* _Brief_: Set each record down exactly, excluding all images.

* _Pictures with short captions_:
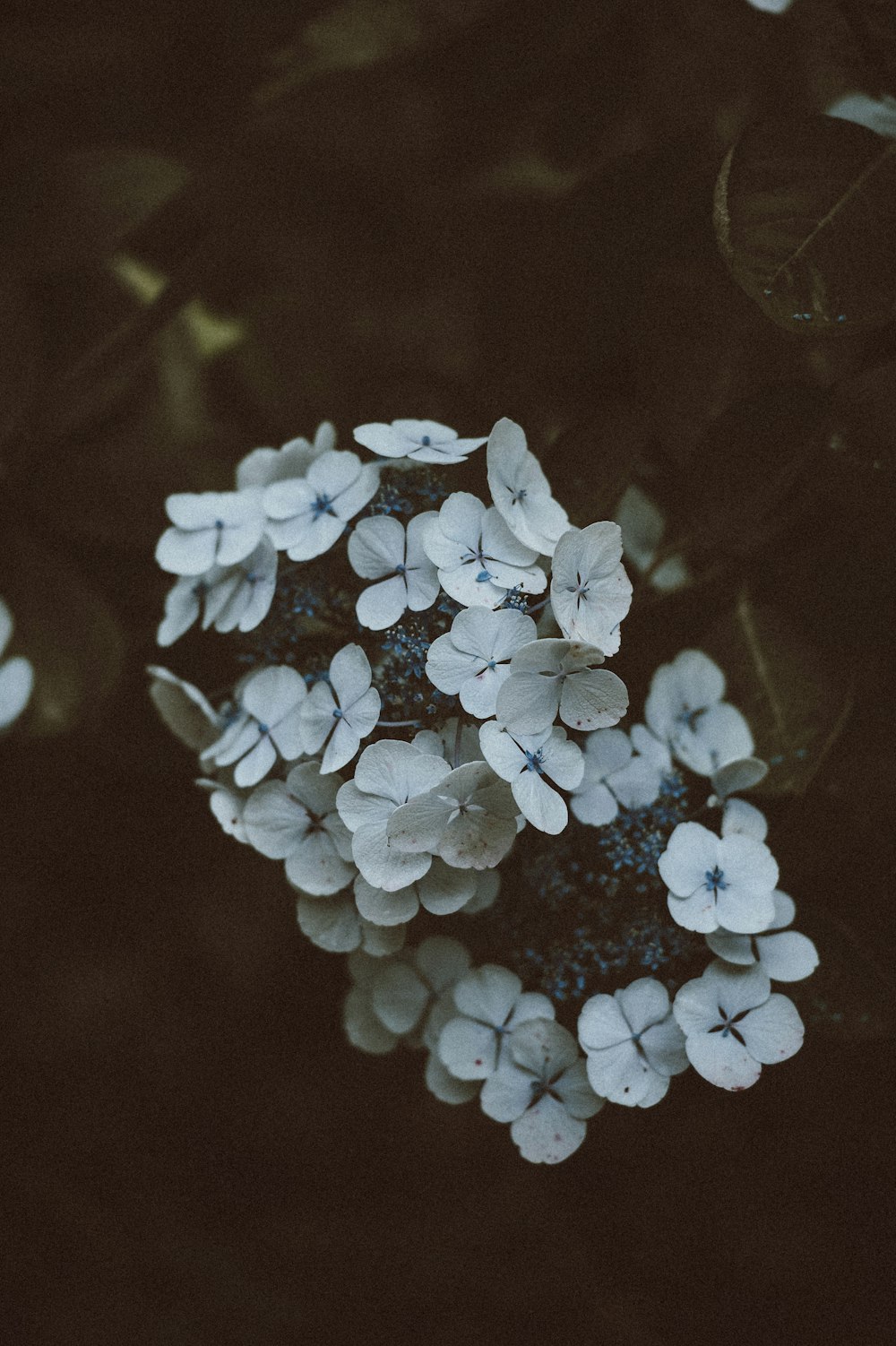 fotografia de closeup de flores brancas de pétalas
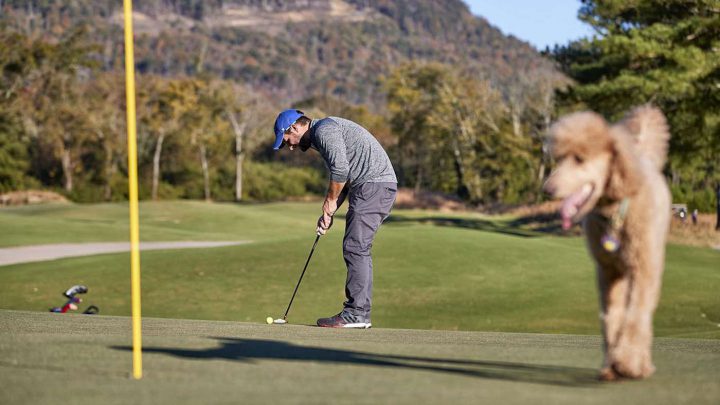 Golfen mit Hund: Nicht angeleint - kein gutes Vorbild!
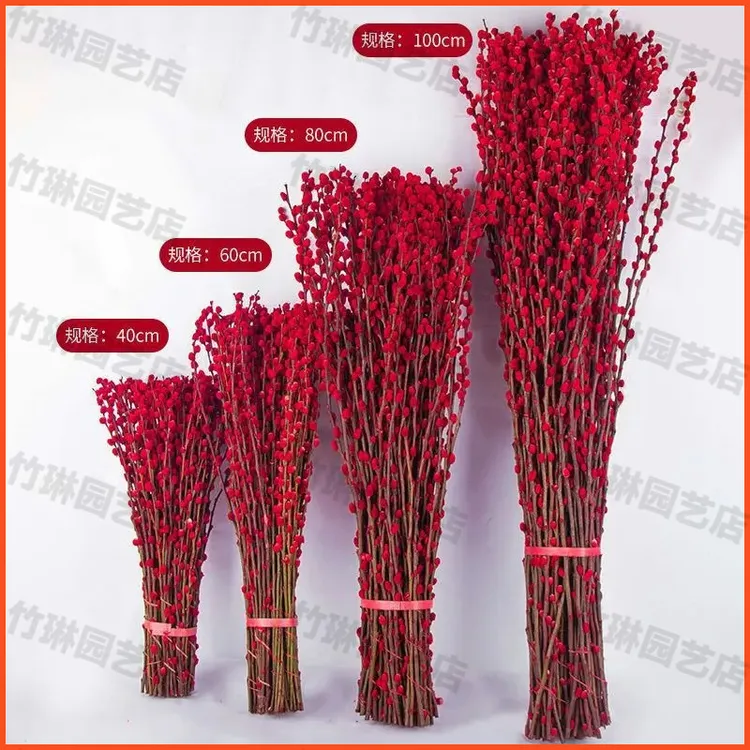 室内招财装饰鲜枝银柳年宵花客厅装饰真花干花红色银柳真花鲜枝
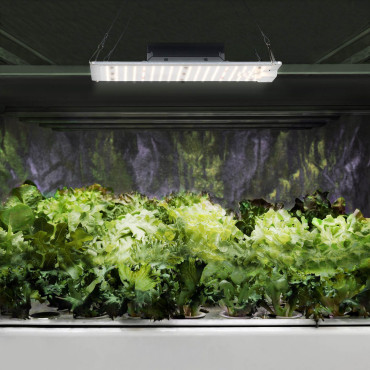 Lamp voor het groeien van plantengroei Volledig spectrum 30 x 24 cm 234 LED 110 in zilver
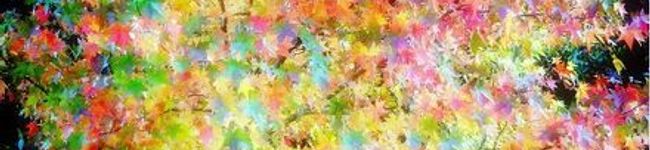 うっしぃー's header image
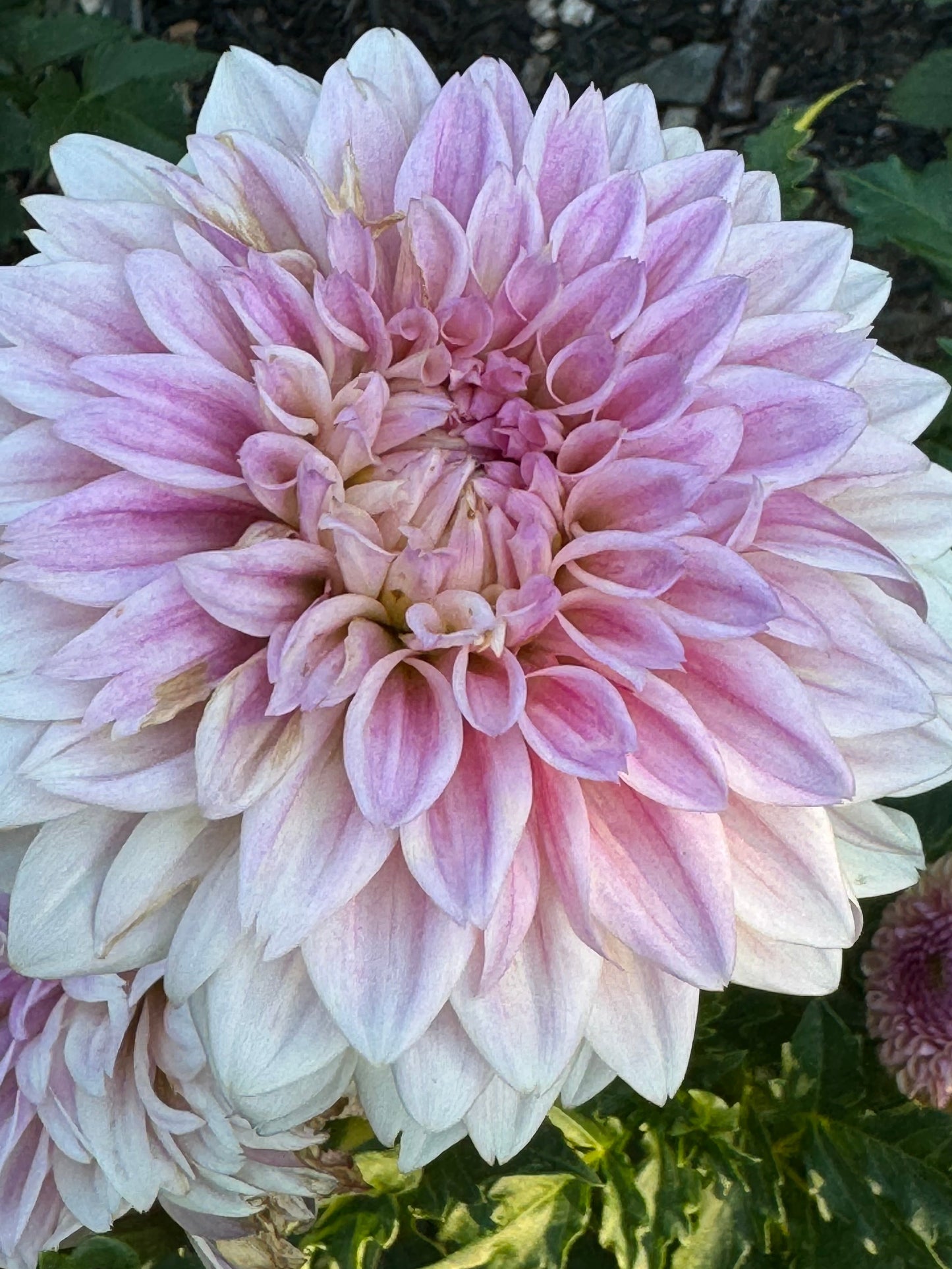 Coriallo Dahlia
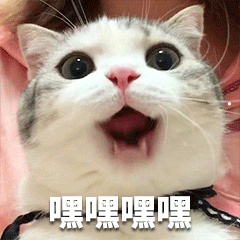 怎样可以防止猫咪脱毛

* _Expected answer_:
 fotografia de closeup de flores brancas de pétalas
 Golfen mit Hund: Nicht angeleint - kein gutes Vorbild!
 室内招财装饰鲜枝银柳年宵花客厅装饰真花干花红色银柳真花鲜枝
 Lamp voor het groeien van plantengroei Volledig spectrum 30 x 24 cm 234 LED 110 in zilver
 うっしぃー's header image
 Coriallo Dahlia
 怎样可以防止猫咪脱毛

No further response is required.